By Elizabeth Cunningham Perkins     Jun 17, 2011 in Science
Teams from three universities in the UK used NASA's solar satellite-duo STEREO, sent to study the sun up close from "stereo" orbits, to survey distant variable stars and find eclipsing binaries, plus any exoplanets the project's images happen to reveal.
While surveying variable stars using NASA's Solar TErrestrial RElations Observatory -- the sun-orbiting twin satellites of the STEREO mission -- research teams from the Science and Technologies Facilities Council Rutherford Appleton Laboratory, the University of Central Lancashire and the Open University found 122 previously unknown eclipsing binary stars and may discover exoplanets (or planets outside our solar system) as a bonus, NASA reports.
According to NASA's news story about the star survey project that was presented April 19 at the Royal Astronomical Society’s National Astronomy 2011 Meeting in Llandudno, Wales:
The teams discovered the new sets of twin stars while surveying hundreds of known variable stars using STEREO's Heliospheric Imagers in an usual way.
Though STEREO's primary mission is solar study, the HI cameras' capabilities make the twin spacecraft ideal resources for studying variable stars' changing brightness levels, according to Joseph Gurman, STEREO project scientist at NASA's Goddard Space Flight Center.
This March 7  2010 STEREO Heliospheric Imager (HI-1A) image (left) shows two variable stars (highlig...
This March 7, 2010 STEREO Heliospheric Imager (HI-1A) image (left) shows two variable stars (highlighted). The graphs on the right show the varying brightness of the two stars, V837 Tau and V1129 Tau (right top and bottom, respectively).
The HI cameras on the spacecraft are helping astronomers determine the periods of variable stars with pinpoint accuracy, by providing repeat viewings during the year and allowing continuous sampling over 20 day periods, a lead researcher from the project explained.
The team leaders also indicated, accurate measurements with the HI cameras of extremely minute shifts in star brightness could help them understand more about the internal structures and seismic activities of stars, as well as reveal the presence of transiting exoplanets.

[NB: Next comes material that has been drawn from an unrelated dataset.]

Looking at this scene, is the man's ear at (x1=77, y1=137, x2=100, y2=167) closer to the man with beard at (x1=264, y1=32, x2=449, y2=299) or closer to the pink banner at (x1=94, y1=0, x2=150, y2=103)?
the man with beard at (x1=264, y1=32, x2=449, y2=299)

The STEREO mission was launched in October 2006 to provide new dual views of the Sun-Earth System and more accurately predict space weather phenomena, such as geomagnetic and solar radiation storms, from two almost identical observatories, one orbiting the sun ahead of Earth and the other a ways behind.
Professional and amateur astronomers have long collaborated to study variable stars over extended periods, because their changes in brightness provide clues about stellar properties in general, according to the American Association of Variable Star Observers.
By studying the behavior of binary star systems, astronomers can determine the mass of stars directly, according to an astronomy question and answer reference published by Wichita State University.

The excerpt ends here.